CIUDAD DE MÉXICO 29-Jun .- Al amparo de un auditorio lleno de poetas, con los brazos abiertos y la voz en alto, Lorna Dee Cervantes lanzó una consigna fulminante en verso.

"Ningún muro puede dejar fuera lo que siempre ha estado aquí. / Durante milenios, he amado esta tierra que me corresponde. Sigo amando, aún, sin ella; / no importa lo que me hagas, lo que me hayas hecho, / lo que le harás / a la familia de mis hijos: lo voy a desenraizar y amaré", declamó en inglés.

Cervantes, lumbrera de la poesía chicana y feminista, concluía así la inauguración del encuentro de poesía Di/Verso en el Anfiteatro Simón Bolívar de San Ildefonso. Lo hizo con varios fragmentos su poema Arrancando la hiedra: Una novena / Un poema de amor a Donald Trump, para Bob.

La primera lectura del festival, que reunirá durante cuatro días a 70 poetas de 23 países, cimentó el lema del evento: Desbordando fronteras.
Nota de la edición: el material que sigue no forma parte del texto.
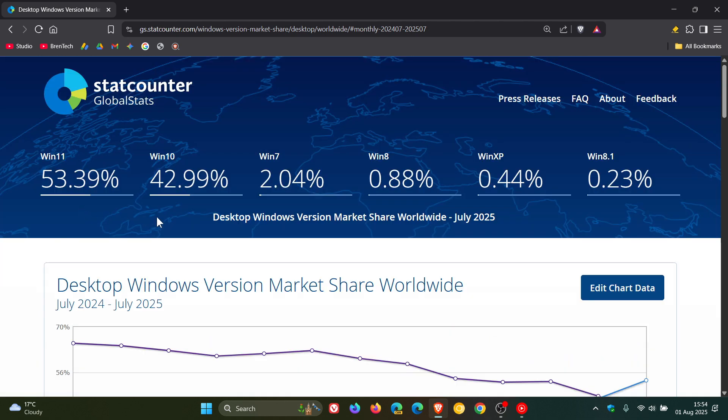So what do you guys think about this market share movement? Let me know your thoughts down below. Thanks for watching and I'll see you in the next one.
El muro divisorio de Donald Trump todavía no se construye, pero los versos ya buscaron demolerlo.

"Yo, siendo chicano, no tengo bandera", señaló el poeta Alejandro Murguía antes de su lectura.

También participó Daniel Borzutzky, estadounidense de ascendencia chilena.

"En este momento, en el país donde vivo, estamos construyendo más muros y más maneras para restringir el movimiento de los derechos de migrantes de otros países", lamentó Borzutzky.

El encuentro Di/Verso continúa hasta el 2 de julio.